ACTIVITY:
Exact repetition, pictures omitted: give every record below again.

MATERIAL FOR THIS TASK:
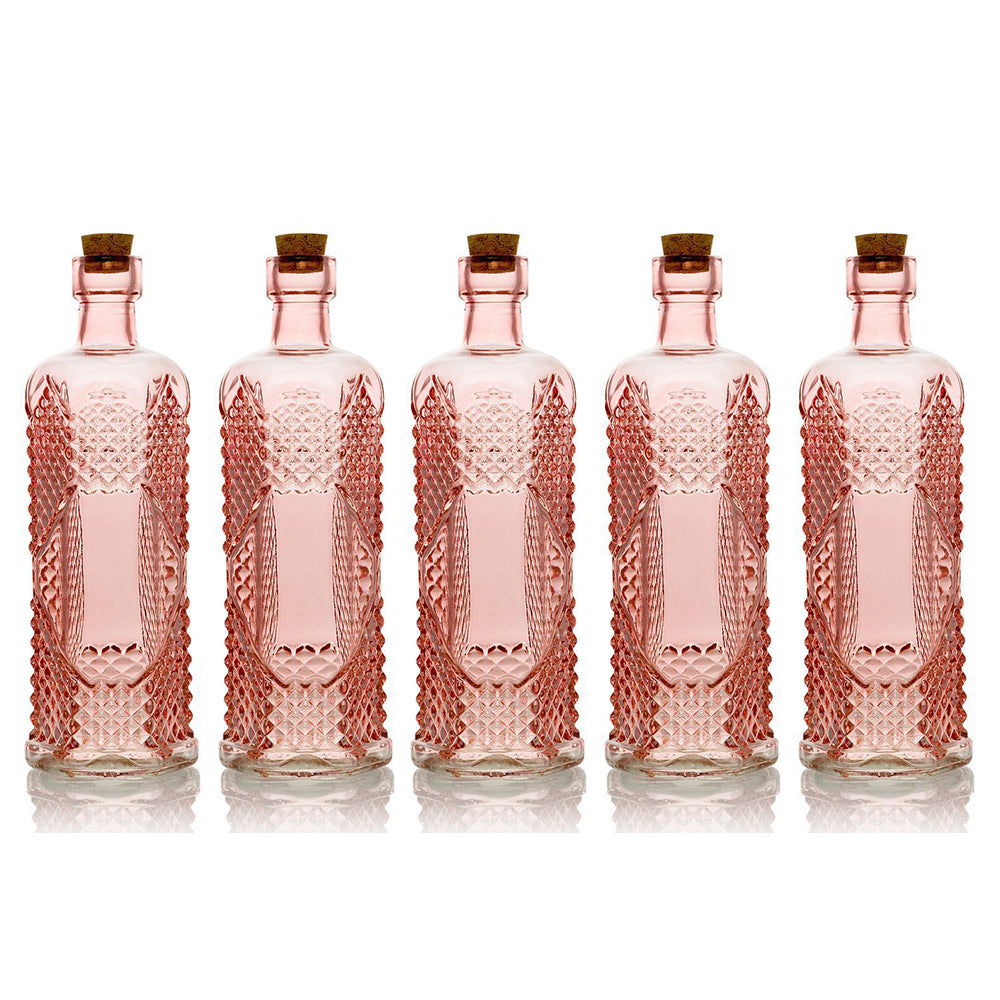 5 Pack - 6.5" Aria Pink Vintage Glass Bottle with Cork - DIY Wedding Flower Bud Vases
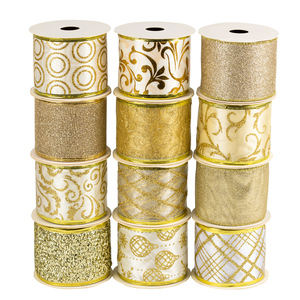 Bán Buôn Lá Vàng In Mặt Duy Nhất Hoa <span class=keywords><strong>Ribbon</strong></span> Trang Trí Kỳ Nghỉ Củ<span class=keywords><strong>a</strong></span> Nhà Sản Xuất Có Dây <span class=keywords><strong>Ribbon</strong></span> Cho Vòng Hoa Làm - Product Image 1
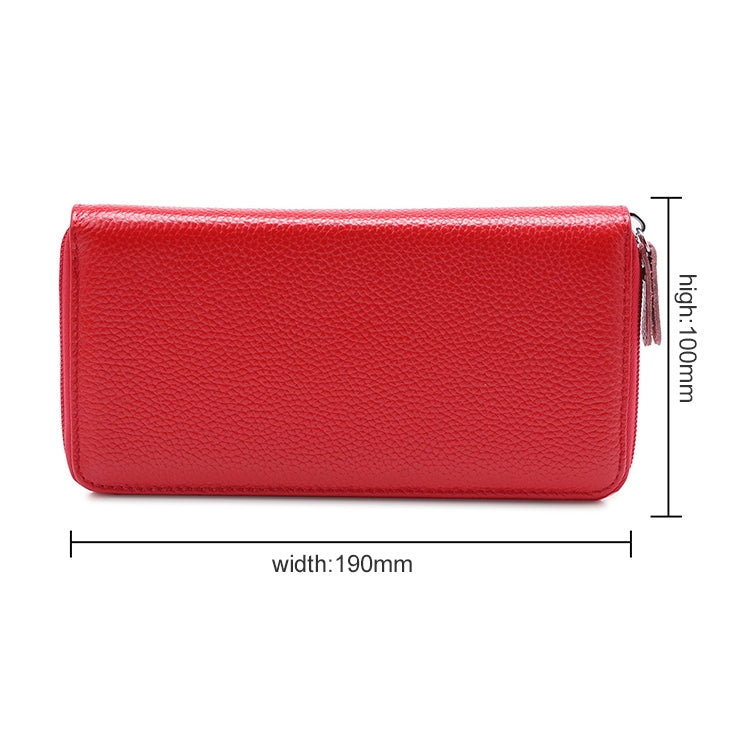 902 Antimagnetic RFID Litchi Texture Women Large Capacity Hand Wallet Purse Phone Bag with Card Slots(Watermelon Red) - Antimagnetic RFID Package by PMC TechLife | Online Shopping South Africa | PMC TechLife | Buy Now Pay Later Mobicred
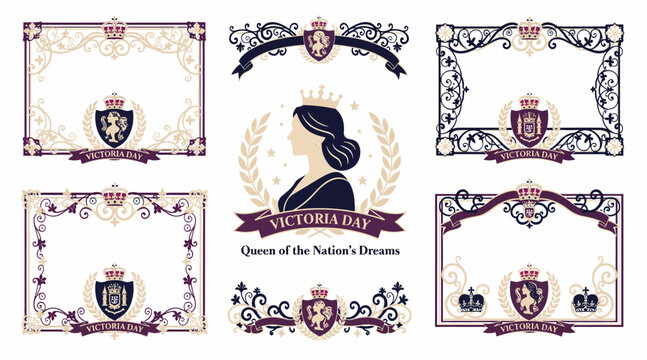 victoria day, queen silhouette, ornate frames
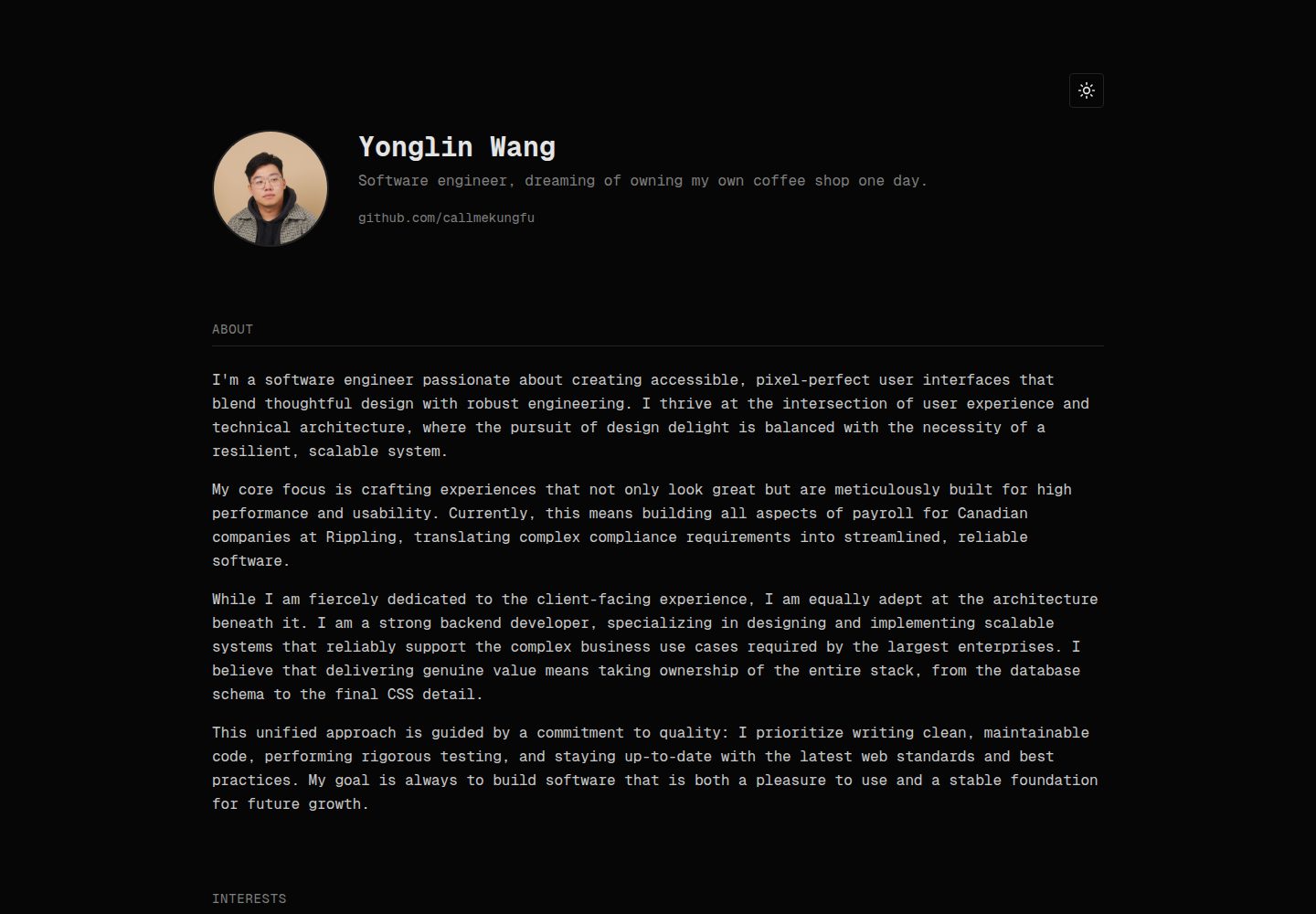 yonglin.io 网站模板截图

SOLUTION FOR THIS PROBLEM:
 5 Pack - 6.5" Aria Pink Vintage Glass Bottle with Cork - DIY Wedding Flower Bud Vases
 Bán Buôn Lá Vàng In Mặt Duy Nhất Hoa <span class=keywords><strong>Ribbon</strong></span> Trang Trí Kỳ Nghỉ Củ<span class=keywords><strong>a</strong></span> Nhà Sản Xuất Có Dây <span class=keywords><strong>Ribbon</strong></span> Cho Vòng Hoa Làm - Product Image 1
 902 Antimagnetic RFID Litchi Texture Women Large Capacity Hand Wallet Purse Phone Bag with Card Slots(Watermelon Red) - Antimagnetic RFID Package by PMC TechLife | Online Shopping South Africa | PMC TechLife | Buy Now Pay Later Mobicred
 victoria day, queen silhouette, ornate frames
 yonglin.io 网站模板截图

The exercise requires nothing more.